> Task goal
Below are the entries; give again exactly the lines from the one mentioning "react icon - font awesome - StackBlitz" through the one mentioning "Forever LCD cable", inclusive.

--

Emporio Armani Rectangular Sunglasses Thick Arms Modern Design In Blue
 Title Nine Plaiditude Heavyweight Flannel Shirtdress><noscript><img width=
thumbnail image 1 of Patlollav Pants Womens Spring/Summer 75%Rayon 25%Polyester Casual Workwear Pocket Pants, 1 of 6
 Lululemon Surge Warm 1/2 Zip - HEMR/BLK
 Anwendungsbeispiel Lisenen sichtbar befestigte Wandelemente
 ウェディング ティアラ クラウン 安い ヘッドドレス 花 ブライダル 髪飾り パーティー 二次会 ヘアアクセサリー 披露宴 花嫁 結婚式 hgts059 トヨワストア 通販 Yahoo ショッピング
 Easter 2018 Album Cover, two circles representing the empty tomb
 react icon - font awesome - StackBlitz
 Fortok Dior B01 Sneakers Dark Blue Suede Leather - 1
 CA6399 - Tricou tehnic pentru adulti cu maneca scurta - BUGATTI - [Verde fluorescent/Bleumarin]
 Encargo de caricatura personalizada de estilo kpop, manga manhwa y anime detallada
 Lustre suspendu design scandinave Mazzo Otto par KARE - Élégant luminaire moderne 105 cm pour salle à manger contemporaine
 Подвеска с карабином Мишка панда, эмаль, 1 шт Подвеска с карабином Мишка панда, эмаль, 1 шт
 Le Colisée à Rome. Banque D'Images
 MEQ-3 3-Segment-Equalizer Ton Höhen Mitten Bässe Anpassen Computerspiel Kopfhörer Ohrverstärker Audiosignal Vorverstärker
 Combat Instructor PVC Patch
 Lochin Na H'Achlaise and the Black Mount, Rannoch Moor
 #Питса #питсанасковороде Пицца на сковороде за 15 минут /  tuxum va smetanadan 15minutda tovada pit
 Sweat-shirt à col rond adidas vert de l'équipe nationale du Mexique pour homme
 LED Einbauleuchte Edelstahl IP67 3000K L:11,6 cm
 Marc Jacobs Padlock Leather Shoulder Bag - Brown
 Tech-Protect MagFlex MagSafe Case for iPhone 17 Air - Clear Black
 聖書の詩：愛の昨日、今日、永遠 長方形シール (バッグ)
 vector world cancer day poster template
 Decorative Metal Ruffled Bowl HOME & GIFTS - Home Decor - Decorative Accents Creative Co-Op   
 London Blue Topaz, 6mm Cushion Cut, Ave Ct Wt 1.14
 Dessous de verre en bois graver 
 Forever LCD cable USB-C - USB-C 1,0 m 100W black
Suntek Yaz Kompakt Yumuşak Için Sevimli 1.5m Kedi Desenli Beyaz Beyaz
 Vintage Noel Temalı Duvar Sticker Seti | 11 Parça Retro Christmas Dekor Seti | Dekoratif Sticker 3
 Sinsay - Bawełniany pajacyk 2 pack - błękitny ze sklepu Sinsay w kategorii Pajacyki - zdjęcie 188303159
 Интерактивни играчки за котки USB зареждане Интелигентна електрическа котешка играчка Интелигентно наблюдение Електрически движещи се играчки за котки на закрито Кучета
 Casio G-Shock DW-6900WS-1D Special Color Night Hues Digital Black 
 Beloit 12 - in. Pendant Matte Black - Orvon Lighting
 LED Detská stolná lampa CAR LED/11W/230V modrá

--

> Solution for this exercise
 react icon - font awesome - StackBlitz
 Fortok Dior B01 Sneakers Dark Blue Suede Leather - 1
 CA6399 - Tricou tehnic pentru adulti cu maneca scurta - BUGATTI - [Verde fluorescent/Bleumarin]
 Encargo de caricatura personalizada de estilo kpop, manga manhwa y anime detallada
 Lustre suspendu design scandinave Mazzo Otto par KARE - Élégant luminaire moderne 105 cm pour salle à manger contemporaine
 Подвеска с карабином Мишка панда, эмаль, 1 шт Подвеска с карабином Мишка панда, эмаль, 1 шт
 Le Colisée à Rome. Banque D'Images
 MEQ-3 3-Segment-Equalizer Ton Höhen Mitten Bässe Anpassen Computerspiel Kopfhörer Ohrverstärker Audiosignal Vorverstärker
 Combat Instructor PVC Patch
 Lochin Na H'Achlaise and the Black Mount, Rannoch Moor
 #Питса #питсанасковороде Пицца на сковороде за 15 минут /  tuxum va smetanadan 15minutda tovada pit
 Sweat-shirt à col rond adidas vert de l'équipe nationale du Mexique pour homme
 LED Einbauleuchte Edelstahl IP67 3000K L:11,6 cm
 Marc Jacobs Padlock Leather Shoulder Bag - Brown
 Tech-Protect MagFlex MagSafe Case for iPhone 17 Air - Clear Black
 聖書の詩：愛の昨日、今日、永遠 長方形シール (バッグ)
 vector world cancer day poster template
 Decorative Metal Ruffled Bowl HOME & GIFTS - Home Decor - Decorative Accents Creative Co-Op   
 London Blue Topaz, 6mm Cushion Cut, Ave Ct Wt 1.14
 Dessous de verre en bois graver 
 Forever LCD cable USB-C - USB-C 1,0 m 100W black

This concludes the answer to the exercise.